Stakeholders emphasize the necessity of streamlining the industry.

According to KSH Logistics’ Tiwari, rising fuel costs are another issue affecting the logistics industry. Since it is inconvenient to use the railroads in India due to crowding, transfers, and high fares, most people travel by road. However, due to recent fluctuations in fuel prices, transportation costs have increased dramatically and are a major strain for logistics firms.

Tiwari also brings up the limited availability of warehouse space and its dismal condition. He says that creating a large integrated warehousing space is discouraged by factors such as “the availability of quality manpower, high warehouse rentals, and higher interest rates on capital,” and that there is a need to streamline the processes at various points in the sector.

According to industry experts, India’s logistics costs are relatively high relative to the country’s GDP, so any reduction in that number would have a significant impact on the sector’s ability to function, create jobs, and expand. The government has been advocating for a reduction in the logistics cost-to-GDP ratio from the current level of about 16% to around 10% by 2024. This would make the country more competitive with developed or equivalent economies.

Budget 2023

When asked how the upcoming budget can help, Tiwari said that the government could take care of important problems like rising rental costs, fuel, and transportation costs, broken communication, and infrastructure costs, all of which have made logistics services much more expensive to run.

There needs to be a system of incentives in place. For instance, those who construct warehouses should be compensated, and the tenant should pay much less per square foot for the space. He suggests that the government provide financial incentives to warehouses that implement automation systems and to businesses that invest in automation technology.

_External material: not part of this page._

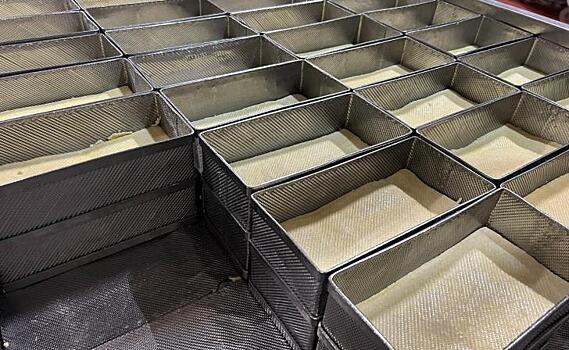 Курский завод «Сырная Долина» перерабатывает 90 тыс. тонн молока в год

Stakeholders recognize the need for more technology. With this, most businesses can compete with any major international competitor. However, the price tag is quite steep, so not all businesses can afford it. Some have speculated that smaller logistics firms will be encouraged to adopt new technologies if the budget includes incentives for the costs of automation.

As the founder and managing director of logistics and supply chain service provider Varuna Group, Vivek Juneja emphasizes the critical need for immediate investment in cutting-edge technology. He predicts that the upcoming budget of 2023 will put an emphasis on utilizing data-driven technologies to make India’s logistics ecosystem even more advanced, integrated, cost-effective, and reliable.

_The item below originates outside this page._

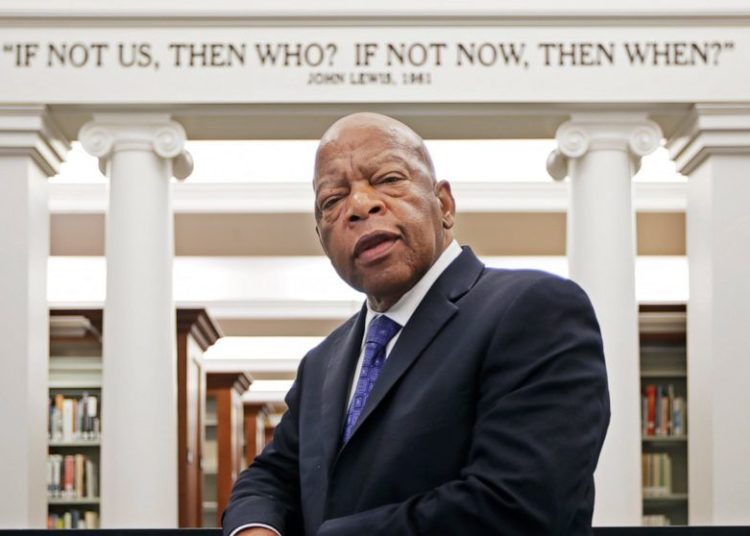 John Lewis (civil rights leader)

Since there is such a severe shortage of skilled personnel and specialists in this field, the MD of Varuna Group also emphasizes the need to improve human resource skill sets. ” We require educational facilities that can educate students on cutting-edge technologies and encourage research, development, and new product creation. Tiwari argues that the industry should encourage gender equality in the workplace and diversify its workforce to include people of all identities.

According to Sarang, the government should allocate funds to build more multi-modal logistics parks. We expect a Rs 2 lakh crore investment in port infrastructure this year to help combat logistics inefficiencies, she says, because “this year, the primary focus will be on making the industry more efficient.”

In addition, business leaders are eagerly anticipating the rollout of the National Logistics Policy, which was announced in September 2022 with the goal of streamlining processes and reducing logistics costs.

NLP was developed to bring cohesion to a field that had become too dispersed. Equally, we think the government should figure out a way to centralize the budgeting procedure for all the different departments. Sarang argues that a regulatory agency should be funded in the upcoming budget “to monitor and manage grants, sanctions, loans, or direct service provision, as well as any other strategies associated with this policy.”